To change aperture, we average a subset of the images, instead of all 289. Fewer images can simulate a smaller aperture, since there aren't as many light rays being "captured". Wider apertures means more light, causing blur in the areas that are not in focus. To do this, we pick a central image and only average those images within a certain radius r of the central image. Keeping the constant c = 0, we observe these results:

r = 0 (only the center image)
r = 4
r = 8
Chess at various apertures
Beans at various apertures

Bells and Whistles: Using Real Data

I attempted to recreate this with my own images. This is what happened:

the setup

I used an iPhone camera, with the help of an empty egg carton like the one above. Standing the carton up vertically, I marked 9 nodes in a 3x3 grid with a pencil. Carefully, without moving the carton, I positioned the lens directly on top of the nodes to take each shot.

Since we don't have the camera position data, I had to do a bit of guessing for the offsets. Using a c value ranging from 0 to 60, I was able to simulate depth refocuing. The result is kinda shitty, but works best if you squint a little. Watch the painting on the back wall and the objects on the table.

tomatos
depth refocusing (squint for better effect!)

2nd attempt:

quarantine
depth refocusing (squint for better effect!)
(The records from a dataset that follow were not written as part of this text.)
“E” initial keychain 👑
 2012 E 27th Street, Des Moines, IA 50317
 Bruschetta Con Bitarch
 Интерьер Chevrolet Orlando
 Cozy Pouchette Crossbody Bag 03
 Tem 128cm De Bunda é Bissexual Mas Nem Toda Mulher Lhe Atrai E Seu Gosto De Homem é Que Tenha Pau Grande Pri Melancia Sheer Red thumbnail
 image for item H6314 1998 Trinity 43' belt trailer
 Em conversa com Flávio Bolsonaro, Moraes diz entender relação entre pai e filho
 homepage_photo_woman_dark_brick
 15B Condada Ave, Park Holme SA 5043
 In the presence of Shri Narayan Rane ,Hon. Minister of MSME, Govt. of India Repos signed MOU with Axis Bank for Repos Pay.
For the bathroom selfie, the mirror served as a flat surface for my phone. You can see that I accidentally moved while taking the 9 shots, so my face didn't focus well. But hers is actually pretty sharp!

Takeaways

I had no faith that this would work, but the results surprised me. With only 9 freehand images and no special equipment, we can get the same effect as long as we squint. Since the radius couldn't have been more than 1, I didn't bother making an aperture gif. However I did try taking a 5x5 grid of images. The result was considerably worse than 3x3, probably due to lack of precision. Using a gantry like the one Stanford researchers made would make larger attempts possible. Another thing to try would be homography matrices to align and rectify the source images.

Final thoughts

Lightfield data is fun to play with, and you don't even need a lot of math. Numpy is clutch. I really liked this project!